The weather is stifling, the Clothes-room an inferno. The last visitor for the morning has been sent contentedly away—she may come back to-morrow, though, and tell us that the dress of Madeleine does not fit, and may she have one the same as that which Madame Charton got? Now the dress of Madame Charton's Marie was new and of good serge, whereas that of Madeleine was slightly worn and of light summer material. But then Marie had an old petticoat, whereas Madeleine had a new one. But this concession to equality finds no favour in the eyes of Madeleine's mother. She has looked upon the serge and lusted after it. We suggest that a tuck, a little arrangement.... She goes away. And in the house in rue Paradis there is lamentation, and Marie, I grieve to say, lifts up her shrill treble and crows. It is one of the minor tragedies of life. Alas, that there are so many!

But as Madame the mother of Madeleine departs, we know nothing of the reckoning that waits us on the morrow. We only know that we promised to go and see the Basket-makers to-day, that time is flying, and haste suicidal with the thermometer at steaming-point.

"Madame, we are going out. We cannot see any one else."

Bon. Madame is a Cerberus. She will write down the names of callers and so ease our minds while we are away.

We fling on our hats, we arm ourselves with pencil and notebook, and wend our way up the Avenue du Château to the rue des Ducs de Bar. It is well to choose this route sometimes, though it is longer than that of the rue St. Jean, for it goes past the old gateway and shows you the view over the rue de Véel. It is wise to look down on the rue de Véel; it is rather foolhardy to walk in it. For motor-lorries whiz through it at a murderous speed, garbage makes meteoric flights from windows, the drainage screams to Heaven, every house is a tenement house, most of them are foul and vermin-ridden, and all are packed with refugees.

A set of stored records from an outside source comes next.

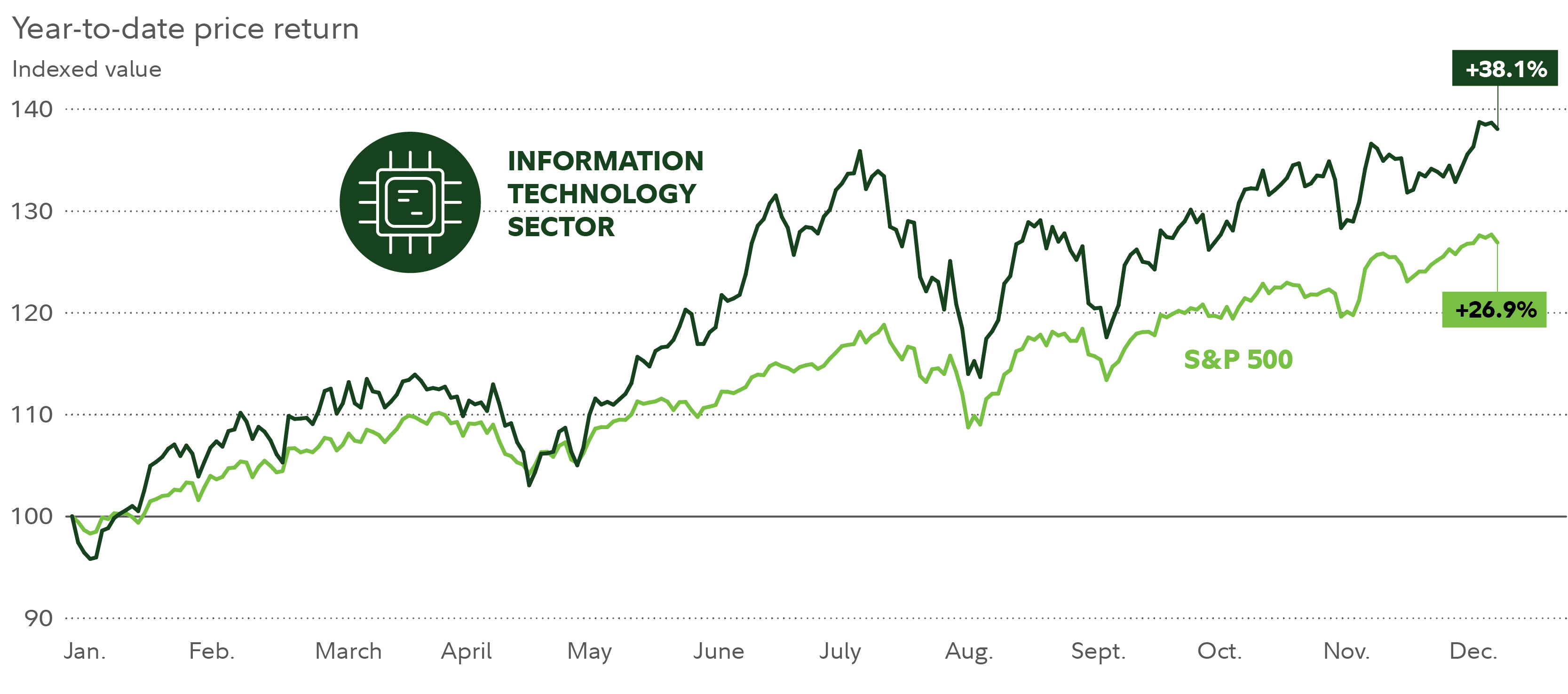 As of December 9 the tech sector had gained 38.1% year to date, compared with a 26.9% gain for the S&P 500.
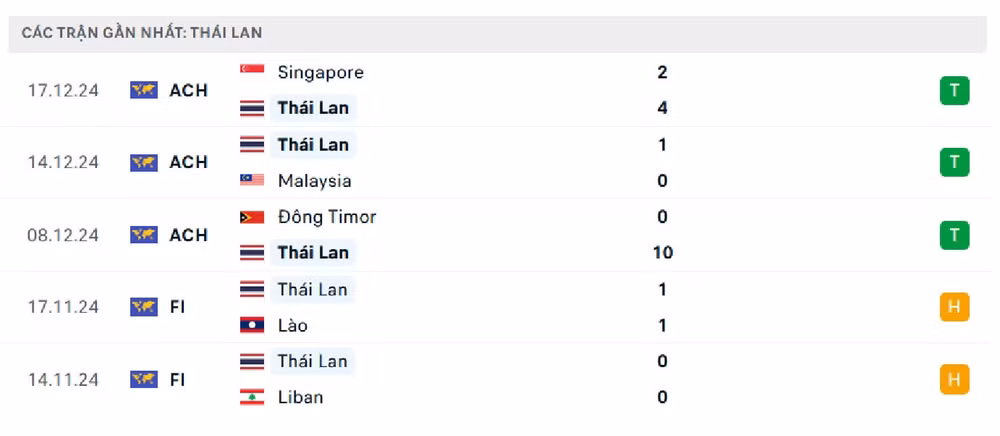 nhan dinh thai lan vs campuchia 20h ngay 20 12 tai aff cup 2024 hinh 3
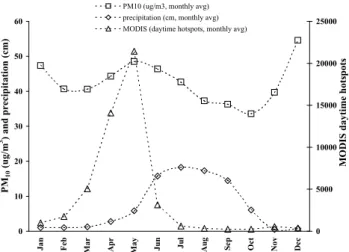 Fig. 6. Time series of monthly average PM 10 (Pedregal RAMA sta- sta-tion 2003–2008 average, www.sma.df.gob.mx/simat/cambia base.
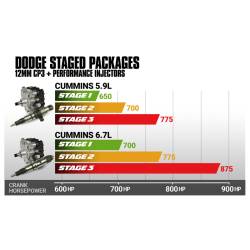 BD Diesel - BD Diesel 5.9L Cummins Stage 1 Performance CR Pump and Injectors Package Dodge 2003-2004 - Image 2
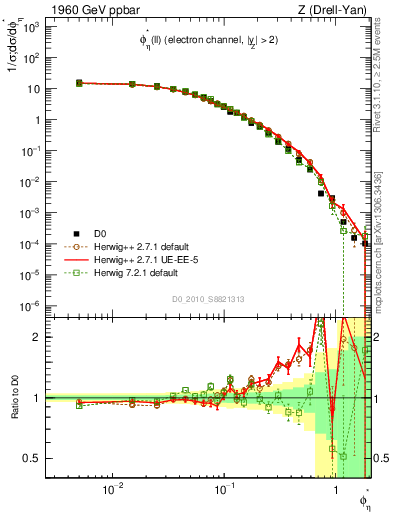 Plot of ll.phiStar in 1960 GeV ppbar collisions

Well, perhaps not quite all. Even the rue de Véel has its bright particular spots, one of them being the house, set a little back from the street, in which Pétain, "On-les-aura Pétain," lived during the battle of Verdun. The street lies in a deep hollow, with cultivated hills rising steeply above it. Higher up there are woods on the far side, while above the sweeping Avenue du Château the houses are piled one above the other in tumbled, picturesque confusion.

Once in the rue des Ducs we go straight to No. 49, through a double-winged door into a courtyard, up a flight of worn steps into a wee narrow lobby, rather dark and noisome, and then, if any one cries Entrez! in response to our knock, into a great wide room.